Researcher from FEUP wins ICCES Outstanding Young Researcher Award

  • Dulce Pereira Abrantes

  • Article




Pedro Aires Montenegro, alumnus of the University of Porto and researcher at FEUP, won the ICCES Outstanding Young Researcher Award for his research in Civil Engineering, in the framework of the International Conference on Computational & Experimental Engineering and Sciences 2020 (ICCES), as regards road safety and the impact of severe weather conditions in the circulation of high-speed trains.

During this second lockdown in the country, Porto. talked to the FEUP researcher, via videoconference, on how he views this and other awards and what he aspires for the future. The list of prizes is already long, as Montenegro is a regular in conferences all over the world. “This is the first time in months that I have not travelled abroad”, he exclaims, while explaining that it was during his Ph.D. that his interests turned to infrastructure, within Engineering.

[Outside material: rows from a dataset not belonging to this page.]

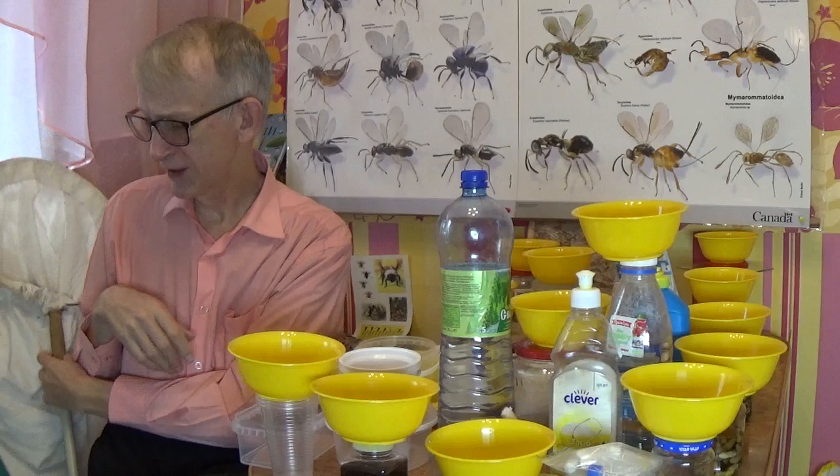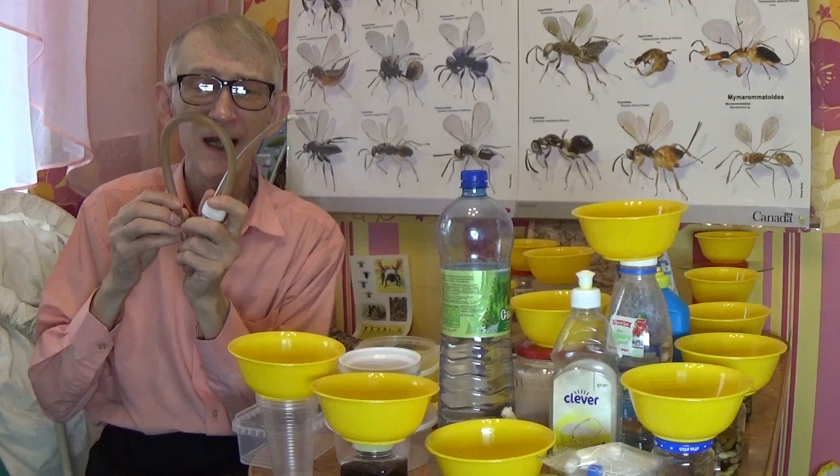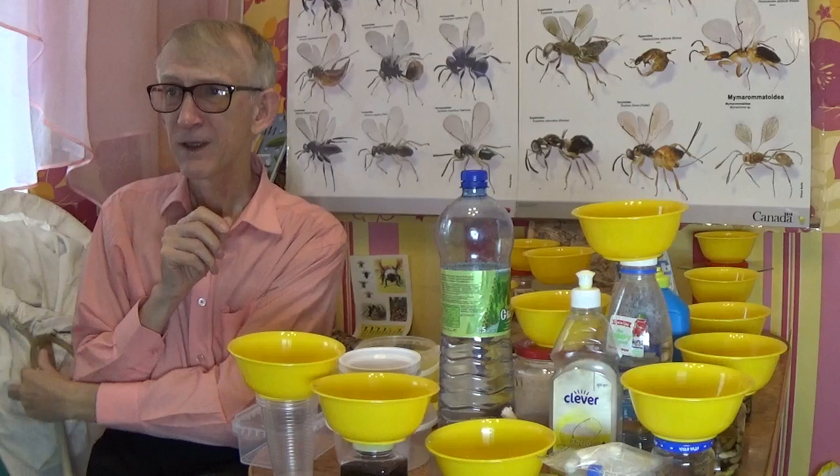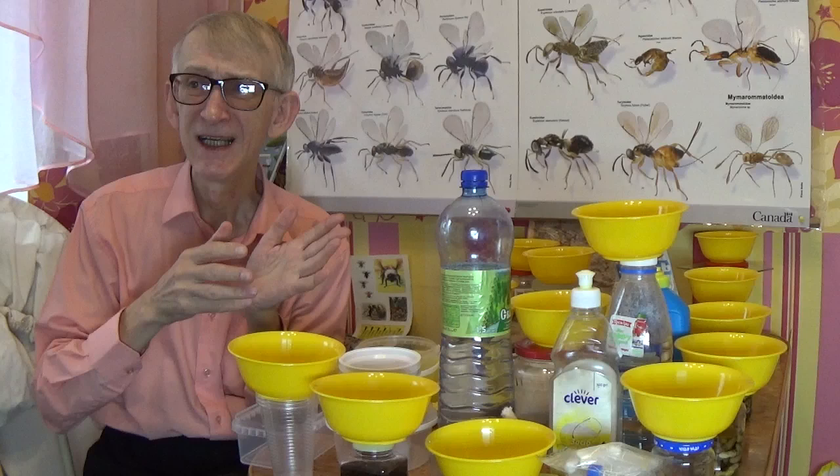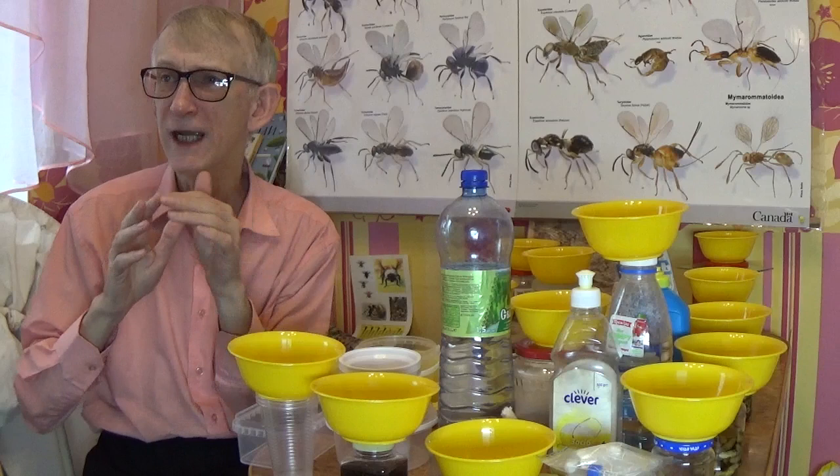It's difficult to collect these tiny insects using conventional methods like a sweeping net or butterfly net, because they are very small. You need to use an aspirator and also need very precise attention and sharp eyes. Time is limited, but with this trap you can extend your collecting time up to days.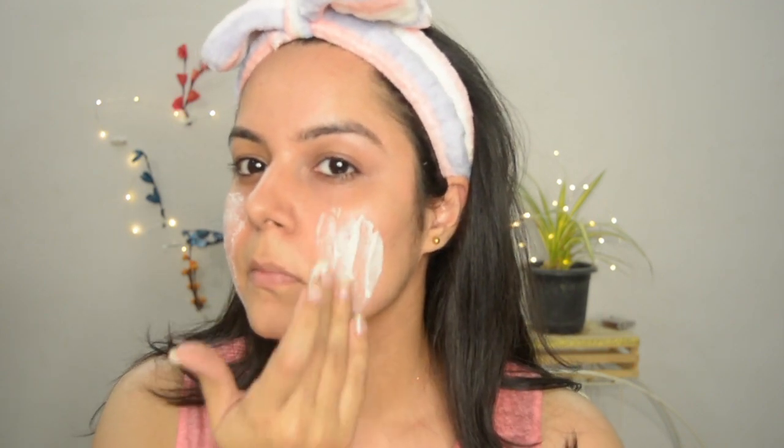Just start applying this thick mask on your face. And meanwhile, let's know why this is good for the skin. Firstly, rice is rich in so many minerals and high on the nutritional side — it's loaded with vitamin B especially, and it also contains sun-protecting agents which can act as a natural sunscreen.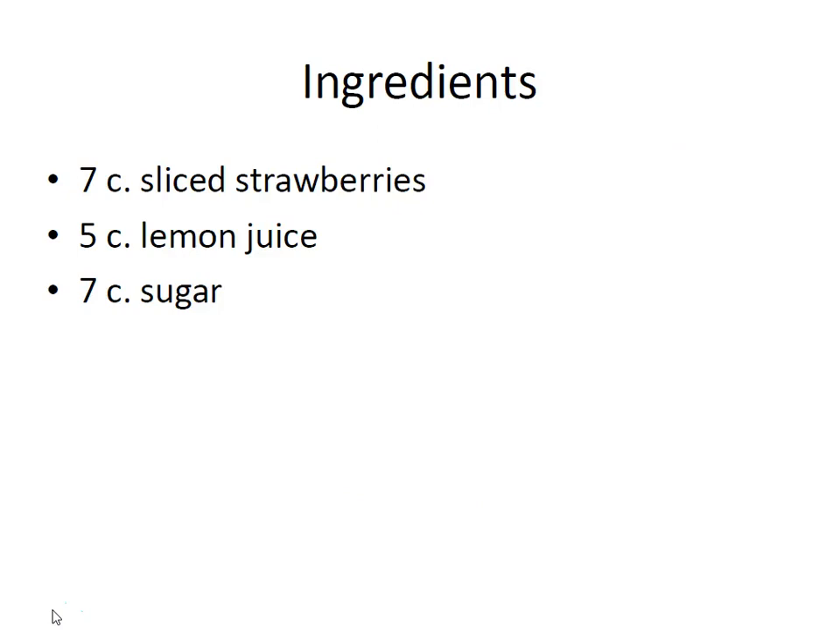For this recipe you're going to need 7 cups of sliced strawberries, 5 cups of bottled lemon juice, and 7 cups of sugar.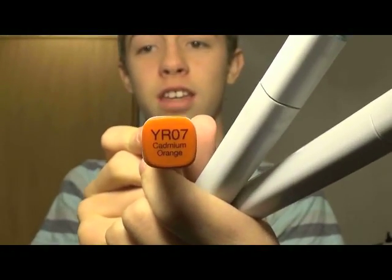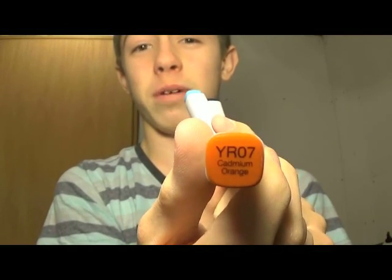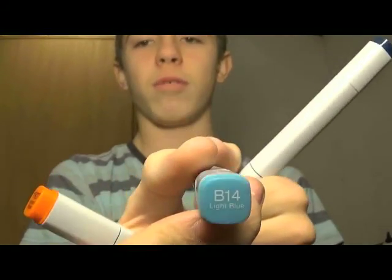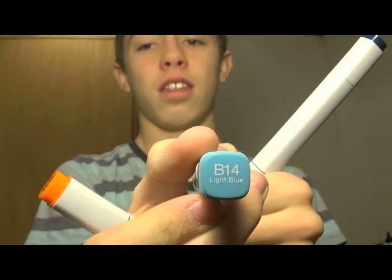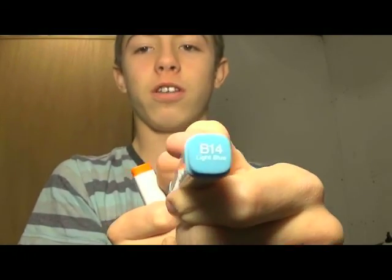Can you see that? I don't know if you can see that or not. I don't know if you can read it — I can't read it from my screen, so I hope you can. But they're just cool little markers. They work really well. I personally love them. They're my favorite type of marker to use. I'm excited about that.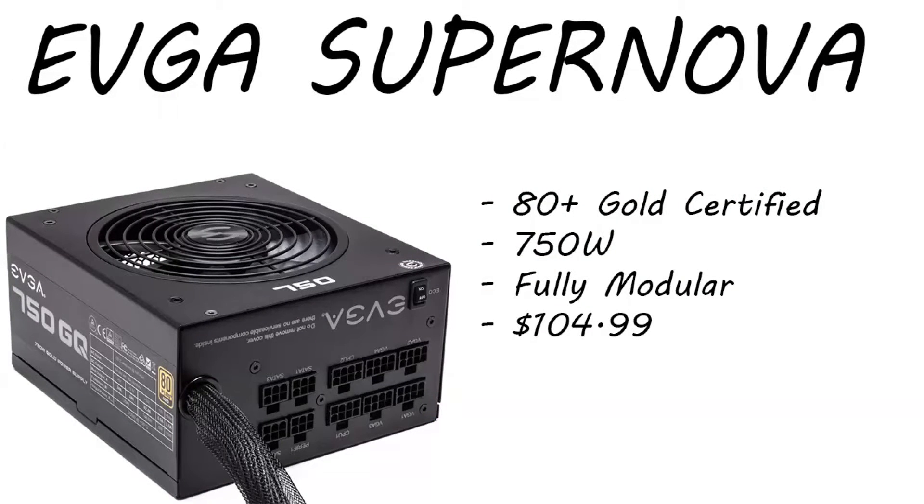For the power supply, we chose the EVGA 750 watt. This is an 80 Plus Gold certified, 750 watt, fully modular power supply. Fully modular means you can plug in only the wires that you need, so you don't have all those extra wires hanging around inside your case that you have to zip tie and throw somewhere. You only use the cables you need — for your graphics card, CPU, fans, hard drive, and solid state — that's really all you should need.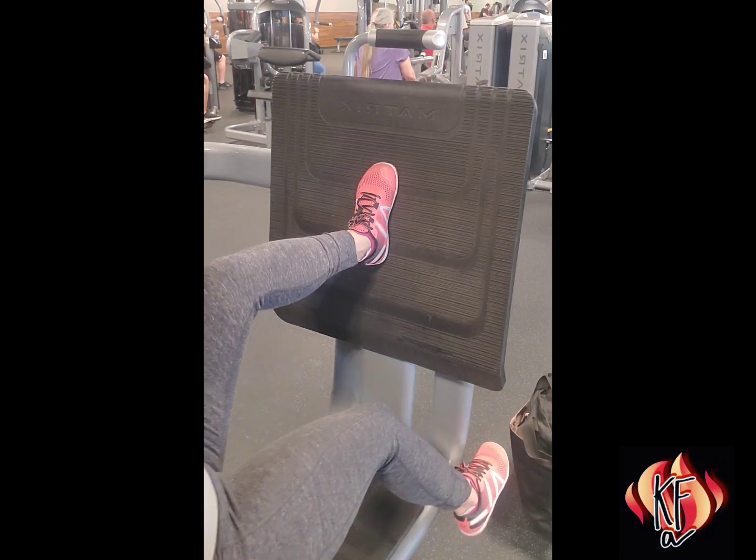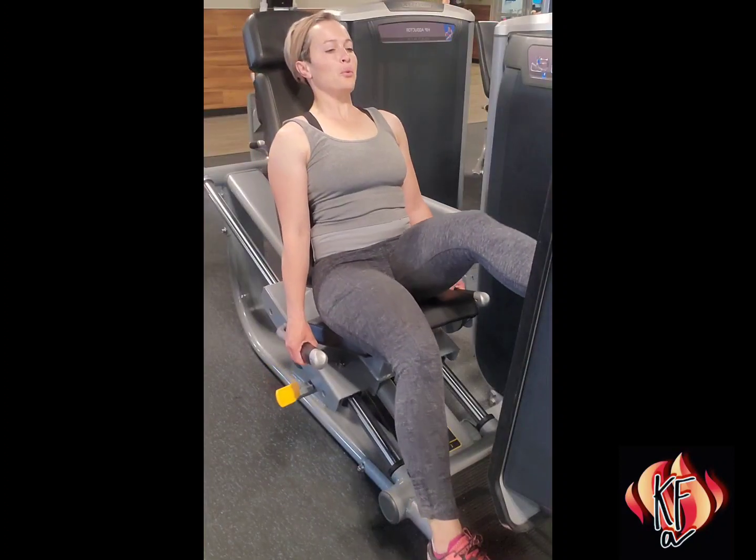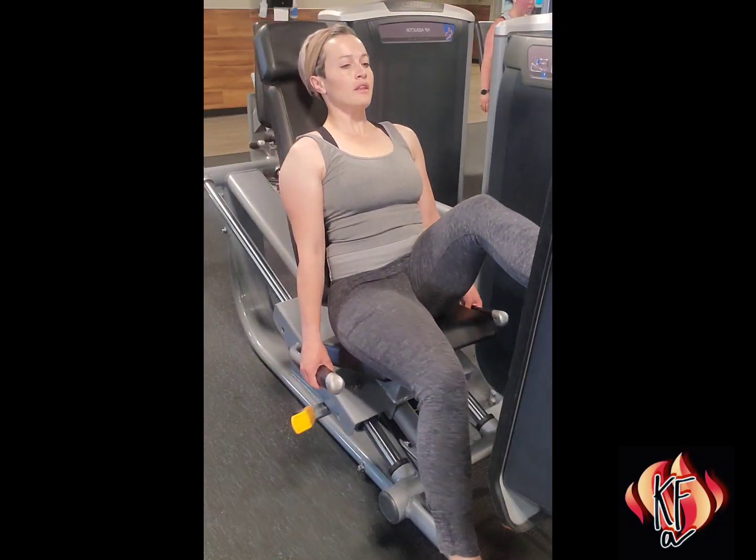Maintain a slight knee bend at full extension. Slowly return to the start position and repeat all reps on one side before switching legs.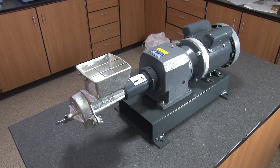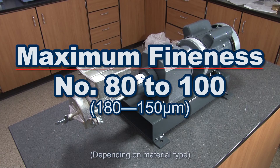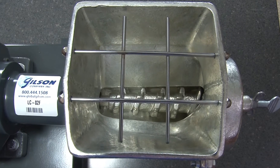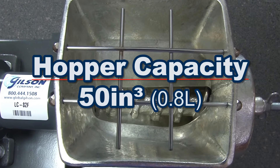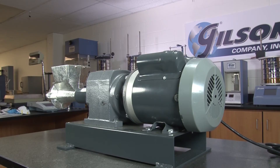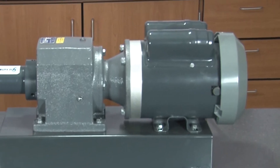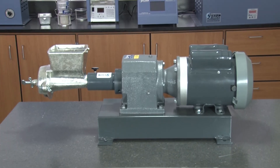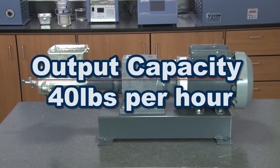And in one pass, this rugged unit can grind material to 80 to 100 mesh particle size. The volume capacity of the feed hopper is a full 50 cubic inches. Utilizing its third horsepower gear motor, the revolutions per minute tops out at 89 RPMs. And the maximum throughput capacity is 40 pounds per hour.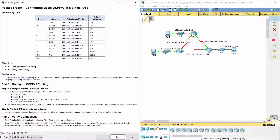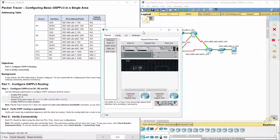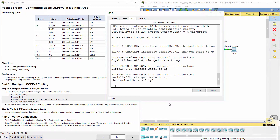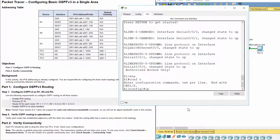Part 1: Configure OSPFv3 routing. Step 1: Configure OSPFv3 on R1, R2, and R3. Remember that we must enable IPv6 routing first to work with IPv6 on a Cisco router.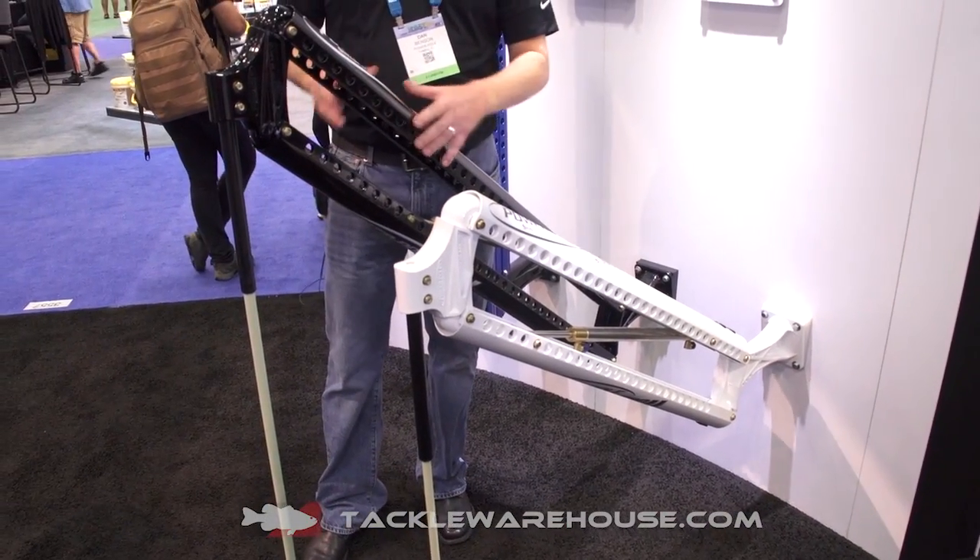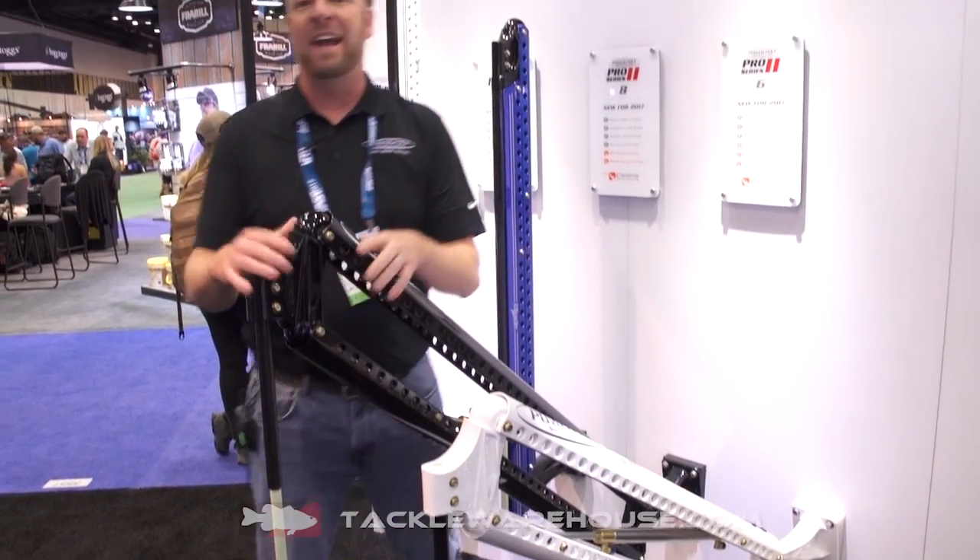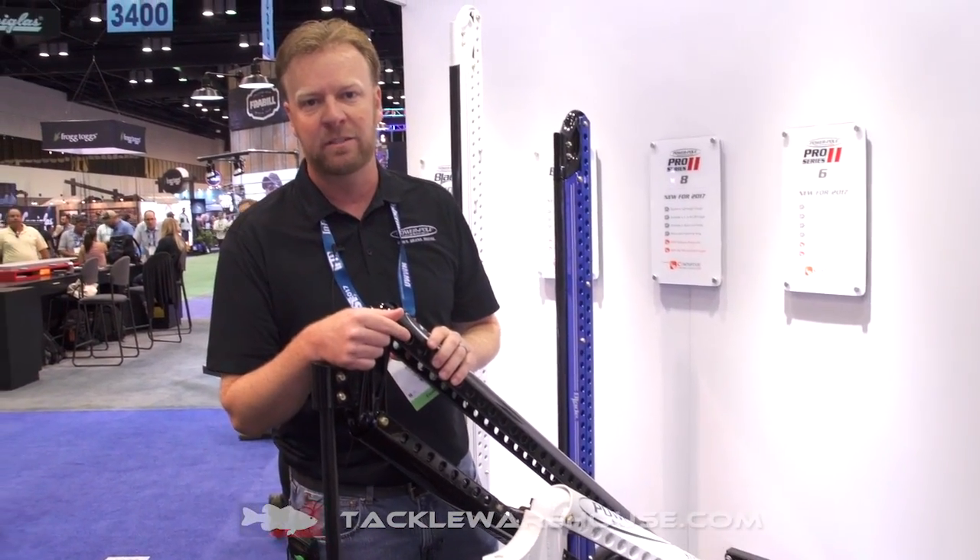Available in white or black, the 6' Pro only weighs 15 pounds on your transom and the 8' Pro only 17 pounds on your transom.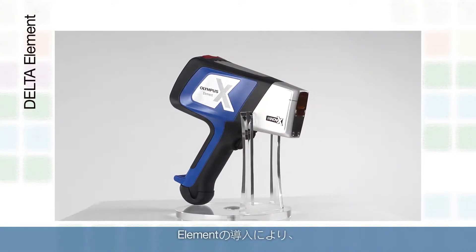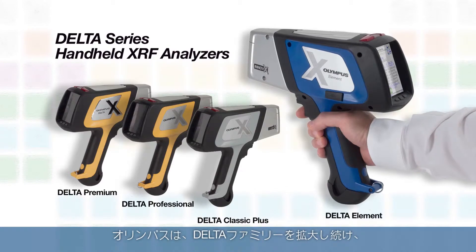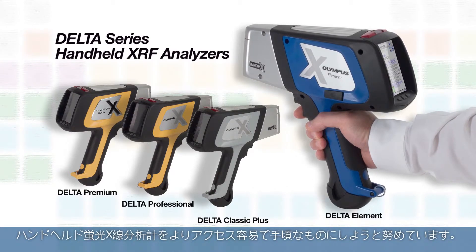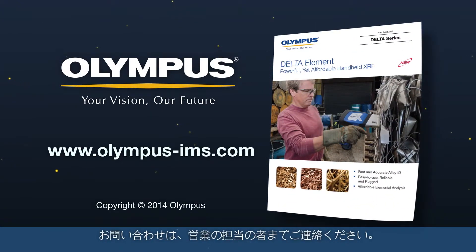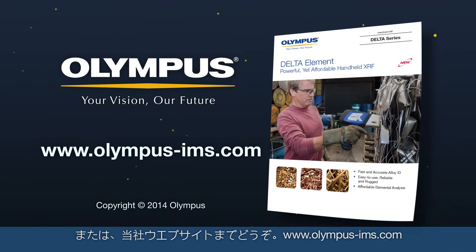With the introduction of the Element, Olympus continues to expand the Delta family to make handheld XRF more accessible and affordable. For more information, please contact your local representative or visit us online at www.olympus-ims.com.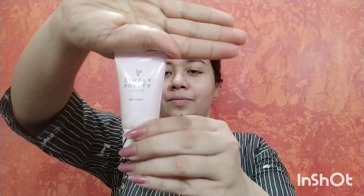Now I am using Evon's Simply Pretty BB cream. I am not using any foundation because foundation will give you a heavier look. It is better that you use BB cream for college — it gives a more natural, lightweight finish.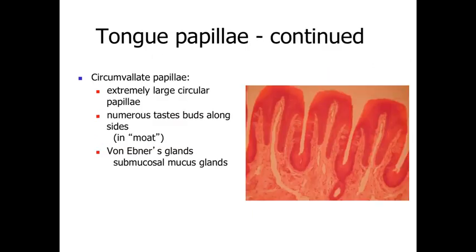The final type of papillae are circumvillate papillae — larger circular papillae with a series of moats around an enlarged central region. Taste buds are very numerous along the sides within the moats, and this is primarily where tasting occurs. At the base of the moats we find von Ebner's glands, which are submucosal mucus-secreting glands that release products into the oral cavity, helping to dissolve food particles so they can interact with the taste buds.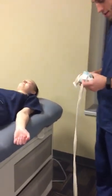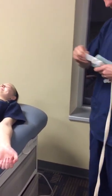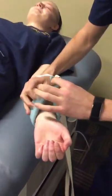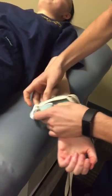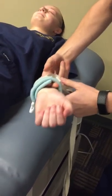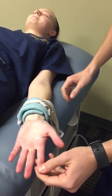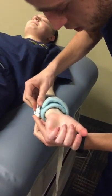When applying wrist restraints, it is important to make sure that the wrist restraints are tight but not too tight — you want to try to fit about two fingers underneath them. Then you want to check for a capillary refill to ensure blood flow is still able to flow through the restraints.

This was not a first regarding international recognition for Pedro Montenegro, who received a Masters and a Doctorate degree from the Faculty of Engineering of the University of Porto (FEUP), and is currently a member of the research projects FCT Fiberbridge and H2020 In2Track2 at FEUP.

In 2016, Montenegro won the Young Researcher Best Paper Competition, granted at “Railways 2016 – Third International Conference on Railway Technology: Research, Development and Maintenance”, which was held in Cagliari, Italy; also, in 2017, Pedro Aires Montenegro received the Young Engineer Innovation Award (Prémio Inovação Jovem Engenheiro), granted by the Order of Engineers – Southern Region, regarding his research on the dynamic behaviour of trains in bridges, for the Russian Bridge Design and Engineering Institute Giprostroymostv, regarding circulation safety assessment on the high speed railroad bridge over the Volga river. In 2021, Montenegro conquered the ICCES - Outstanding Young Researcher Award, by his studies in the field of road safety.

Montenegro worked for the private sector for two years, before devoting full time to his Ph.D. and research career. He also claims that “often times, there isn't sufficient support to researchers in our country”, but admits that “there have been improvements as now there are fixed-term contracts”.

The UP alumnus has already traced his journey ahead: “carry out research and studies, and develop methods for making data on railroad construction, as it has become an activity of growing importance at national level, and also regarding public investment”.